Tanzania is set to invest USD 30 million in the renovation of 14 government-run agricultural training institutes to support the country’s economic growth.
This was recently announced by Tanzanian authorities during a visit at the Tanzania Agricultural Research Institute (TARI) in Morogoro, Xinhua, China’s official press agency, reports.
Gerald Kusaya, Permanent Secretary in Tanzania’s Ministry of Agriculture, said: “The renovation of the institutes will include revamping of the teaching infrastructure and increasing the enrollment of teachers and students.”
Kusaya explained that the 14 state-run agriculture institutes were facing a shortage of 247 teachers.
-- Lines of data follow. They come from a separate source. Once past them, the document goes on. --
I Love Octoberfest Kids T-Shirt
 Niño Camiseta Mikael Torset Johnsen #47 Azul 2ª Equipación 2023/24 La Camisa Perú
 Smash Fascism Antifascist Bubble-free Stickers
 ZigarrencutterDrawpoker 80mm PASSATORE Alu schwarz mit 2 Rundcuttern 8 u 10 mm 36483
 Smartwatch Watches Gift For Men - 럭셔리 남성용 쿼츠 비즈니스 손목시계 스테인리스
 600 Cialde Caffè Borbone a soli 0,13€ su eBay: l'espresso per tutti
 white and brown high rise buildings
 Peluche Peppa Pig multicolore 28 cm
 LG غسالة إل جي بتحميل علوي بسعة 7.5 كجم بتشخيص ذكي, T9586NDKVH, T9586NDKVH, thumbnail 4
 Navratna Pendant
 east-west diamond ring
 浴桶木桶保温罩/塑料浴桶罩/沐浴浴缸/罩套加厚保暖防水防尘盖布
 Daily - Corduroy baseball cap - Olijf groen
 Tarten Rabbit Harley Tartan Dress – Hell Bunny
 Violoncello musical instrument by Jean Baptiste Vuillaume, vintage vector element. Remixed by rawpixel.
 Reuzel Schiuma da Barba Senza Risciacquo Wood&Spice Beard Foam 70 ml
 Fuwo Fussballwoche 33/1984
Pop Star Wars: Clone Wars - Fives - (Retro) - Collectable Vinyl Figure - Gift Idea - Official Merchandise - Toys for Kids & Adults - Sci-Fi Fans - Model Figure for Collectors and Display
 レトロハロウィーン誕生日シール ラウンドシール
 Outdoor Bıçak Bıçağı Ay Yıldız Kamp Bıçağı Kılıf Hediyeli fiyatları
He added that the government will create a database for trained agricultural officers and their work stations across the country. This would help the Ministry of Agriculture to identify areas where the agricultural officers were most needed to help farmers improve productivity.
Tanzania has an estimated 1,000–2,000 large scale farms and estates with an average size of 1,100 hectares (ha), while the country’s available irrigable land stands at 29 million ha, which leaves the agricultural sector well below its potential.
This is due to smallholder crop farmers’ limited access to modern farm technologies and inputs, inadequate storage infrastructure, high transport and marketing costs, low technology adoption, and lack of affordable inputs such as improved seed and quality fertilizer.